= Henry Pendleton =

Henry Pendleton (? in Manchester - September 1557 in London) was an English churchman, a theologian and controversialist.

==Life==

He was educated at Brasenose College, Oxford, where he received the degree of Doctor of Divinity, 18 July 1552. Though he had preached against Lutheranism in Henry VIII's reign, he conformed under Edward VI and was appointed by Lord Derby as an itinerant Protestant preacher. In 1552 he received the living of Blymhill, Staffordshire.

He is described as "an able man, handsome and athletic, possessed of a fine clear voice, of ready speech and powerful utterance". On the accession of Mary I of England he returned to the Catholic Church, and during 1554 received much preferment. He was made canon of St. Paul's and of Lichfield. He became also Vicar of Todenham, Gloucestershire, and St. Martin Outwich in London; in 1556 he exchanged the latter living for St. Stephen Walbrook.

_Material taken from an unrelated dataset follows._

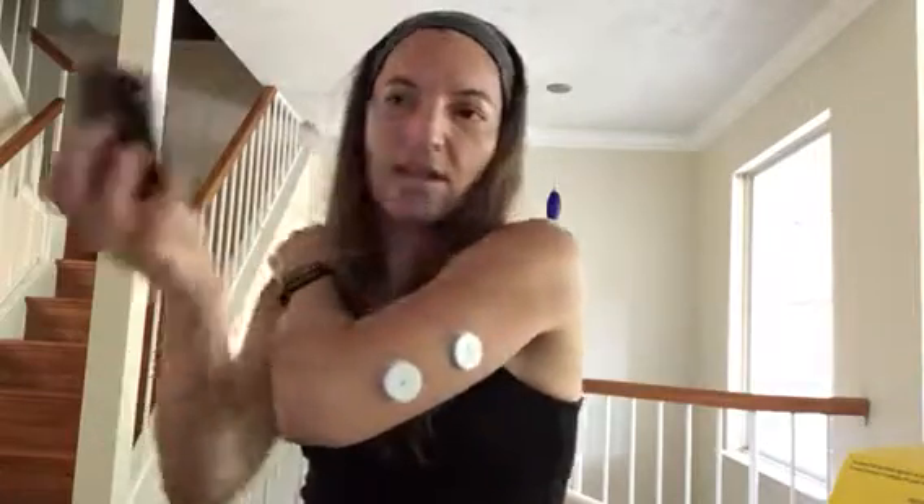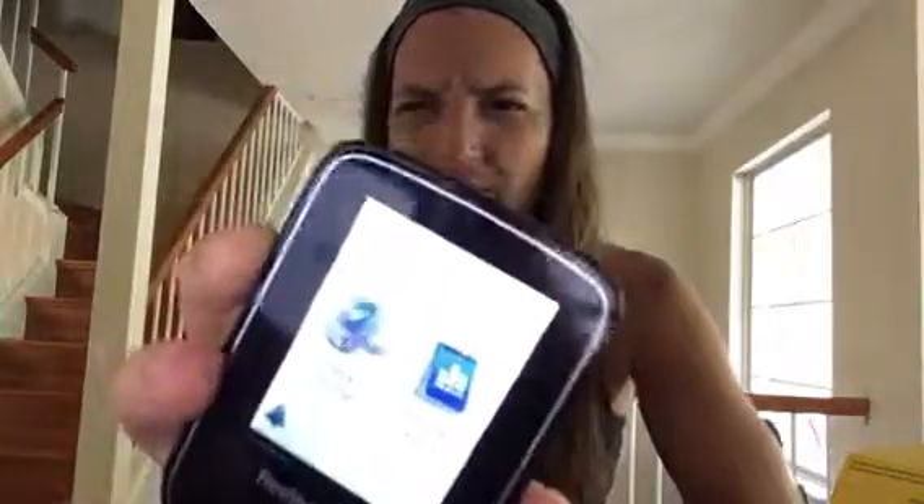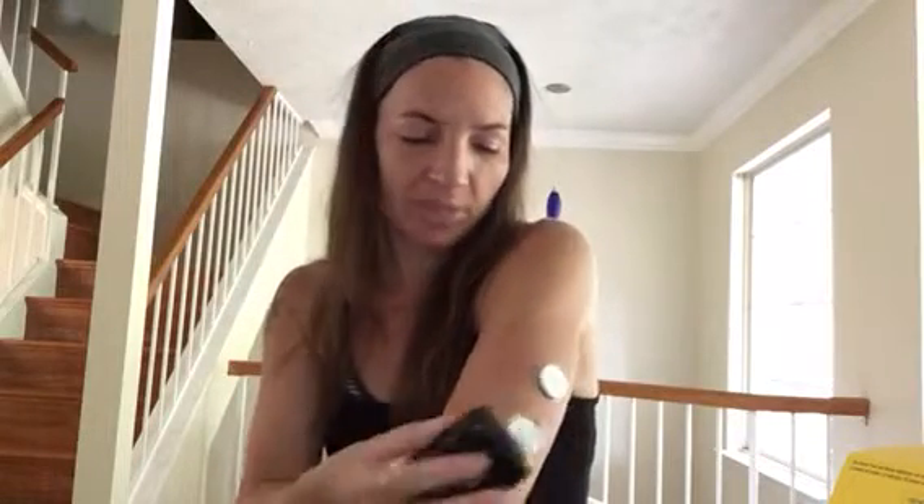I'll wait just a minute. Here's my old sensor and here's my new one. If I scan my old one - you can't see it but my sensor is ending in five hours. I hit okay, go back out to the main screen, hit 'check glucose,' and I'm going to scan the new one.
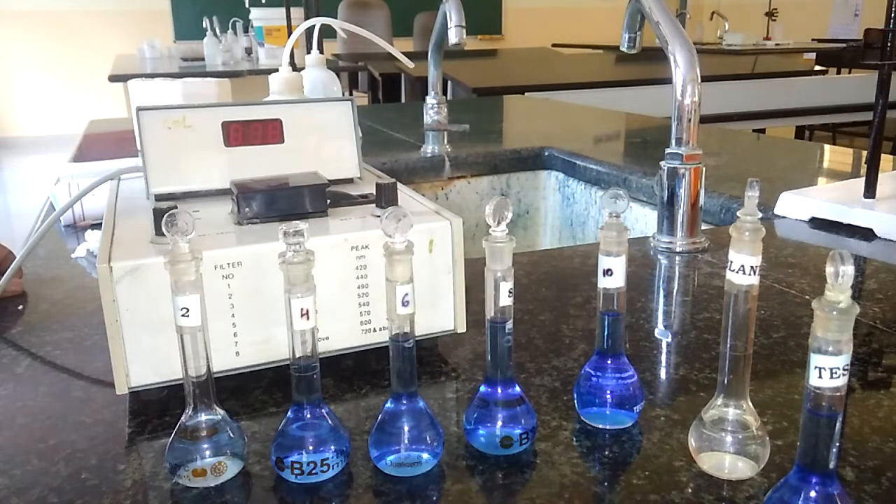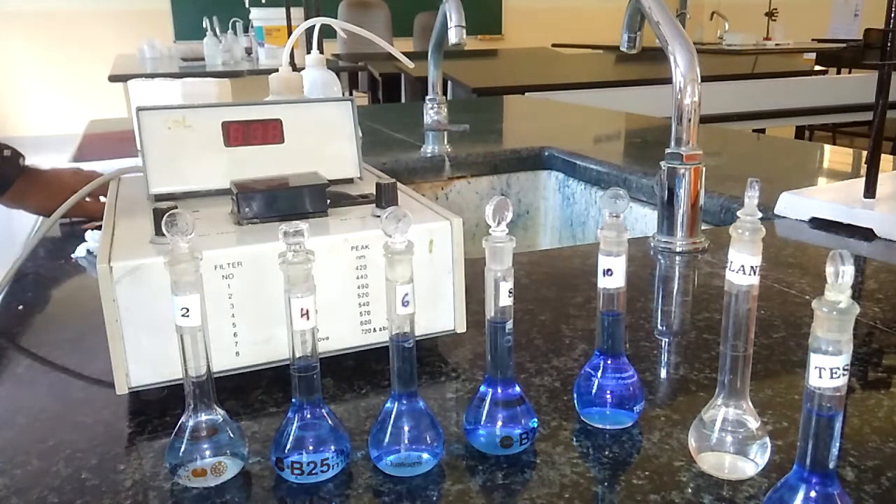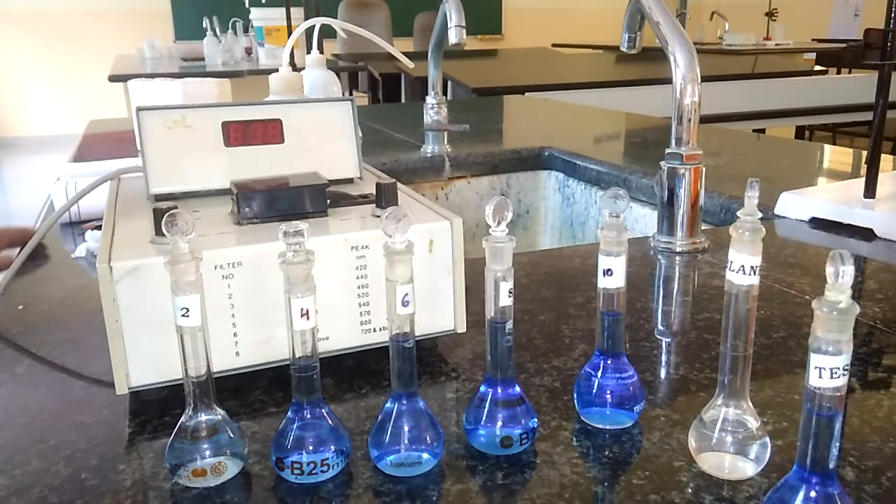Today, I am going to give you the demonstration of a colorimetric experiment. The title of the experiment is colorimetric estimation of copper in copper sulfate. For this, we need some devices and chemicals.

He was appointed chaplain to Bishop Edmund Bonner, for whom he wrote two homilies: "Of the Church what it is", and "Of the Authority of the Church". He also wrote "Declaration in his sickness of his faith or belief in all points as the Catholic Church teacheth against sclaunderous reports against him" (London, 1557).

John Foxe purports to record some of his discussions with persons charged with heresy, and states that on his death-bed he repented of his conversion.